Le plus chronophage :
Uncharted 3 Drake's Deception
On le dit plus court que son aîné, et je l'ai c'est vrai dévoré d'une traite, mais Uncharted 3 est de loin le jeu qui m'a pris le plus d'heures de jeu cette année. Ce n'est pas qu'il soit particulièrement addictif, rien ne force réellement le joueur à compulsivement continuer sa partie, au delà de son accessibilité et de sa qualité intrinsèque. Il était de plus assuré de cette place avant même sa sortie fin octobre, de part les deux longues phases d'essais de son multijoueurs, auxquelles j'avais pu consacrer plusieurs dizaines d'heures. J'ai en définitive bouclé le solo une bonne demi-douzaine de fois, et enregistré plus d'une centaine d'heures en multi, principalement compétitif. C'est que je me suis attaché aux personnages, et que j'ai pris goût aux situations spectaculaires offertes aux joueurs seuls ou accompagnés. Uncharted reste donc encore mon Third Person Shooter préféré, de loin, et les ajustements faits à cette suite, comme l'accent mis sur les combats à mains nues et les courses poursuite, s'ils n'améliorent pas nécessairement l'expérience, restent d'intéressants essais. L'apport des powerplay et des phases en mouvement dans le multi est par contre indéniable de mon point de vue.

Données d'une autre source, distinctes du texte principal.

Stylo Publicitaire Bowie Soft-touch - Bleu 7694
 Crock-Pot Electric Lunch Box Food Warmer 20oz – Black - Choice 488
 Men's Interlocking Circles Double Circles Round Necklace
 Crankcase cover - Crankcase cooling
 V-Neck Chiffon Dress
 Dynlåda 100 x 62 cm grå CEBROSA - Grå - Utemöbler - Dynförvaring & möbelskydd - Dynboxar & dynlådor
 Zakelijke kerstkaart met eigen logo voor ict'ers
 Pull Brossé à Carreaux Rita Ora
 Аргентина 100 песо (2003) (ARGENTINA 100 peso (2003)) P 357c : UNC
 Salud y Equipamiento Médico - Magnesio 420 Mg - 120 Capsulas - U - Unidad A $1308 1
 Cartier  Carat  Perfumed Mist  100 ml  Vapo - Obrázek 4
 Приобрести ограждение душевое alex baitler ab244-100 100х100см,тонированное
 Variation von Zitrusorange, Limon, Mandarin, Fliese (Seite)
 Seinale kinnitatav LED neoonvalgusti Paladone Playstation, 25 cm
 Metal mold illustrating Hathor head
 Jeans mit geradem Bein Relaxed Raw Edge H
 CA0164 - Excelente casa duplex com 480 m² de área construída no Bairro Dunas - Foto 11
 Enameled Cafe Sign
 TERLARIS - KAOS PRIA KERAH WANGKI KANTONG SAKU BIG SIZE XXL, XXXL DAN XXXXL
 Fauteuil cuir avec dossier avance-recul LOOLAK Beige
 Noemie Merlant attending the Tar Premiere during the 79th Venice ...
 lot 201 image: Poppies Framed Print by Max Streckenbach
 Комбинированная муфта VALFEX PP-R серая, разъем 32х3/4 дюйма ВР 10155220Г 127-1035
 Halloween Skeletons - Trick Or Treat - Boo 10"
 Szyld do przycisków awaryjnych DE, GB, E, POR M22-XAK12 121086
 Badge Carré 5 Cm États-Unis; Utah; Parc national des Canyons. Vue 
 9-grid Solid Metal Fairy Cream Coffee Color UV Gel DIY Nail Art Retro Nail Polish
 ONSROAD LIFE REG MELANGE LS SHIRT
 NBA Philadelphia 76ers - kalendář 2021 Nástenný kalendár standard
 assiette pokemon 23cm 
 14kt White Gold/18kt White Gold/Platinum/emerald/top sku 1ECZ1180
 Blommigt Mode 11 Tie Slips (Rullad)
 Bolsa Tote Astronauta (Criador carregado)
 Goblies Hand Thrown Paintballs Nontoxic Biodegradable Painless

Bref, j'adore toujours autant me jouer de mes adversaires et me sortir miraculeusement de situations improbables, contre l'IA ou contre des joueurs humains que je jubile secrètement (lire « ouvertement ») d'humilier. Le jeu est étonnamment moins satisfaisant quand mon précieux ratio faiblit...
Runner up : Top Spin 4
Sorti dans un bon creux de mon année vidéoludique, et offrant un challenge mi-figue mi-raisin dans la carrière mais une marge de progression intéressante, Top Spin 4 a englouti un nombre inavouable d'heures de jeu. J'ai perdu des litres de sueur sur ma manette, mais j'ai arraché de belles victoires à Nadal à Roland Garros pour monter l'échelle. Entre deux déboires (hack du PSN, soucis de matchmaking et multi déserté, etc), j'ai aussi eu mon lot de matchs enivrants en ligne. J'ai aussi pu y constater la polyvalence du gameplay, bien moins limité qu'il peut y paraître au premier coup d'oeil avec mon utilisation un peu paresseuse du jeu défensif de fond de court.
Conclusion
J'arrive au bout de mes catégories, et je n'ai même pas abordé tout ce qui est écriture, scénario, dialogues, personnages, univers. Ce sera pour un prochain post. Vous pouvez cependant déjà constater qu'il n'est pas évident d'établir un classement unique et définitif cohérent. Cela m'aura au moins permis de discuter sous un angle différent quelques uns de mes jeux de l'année.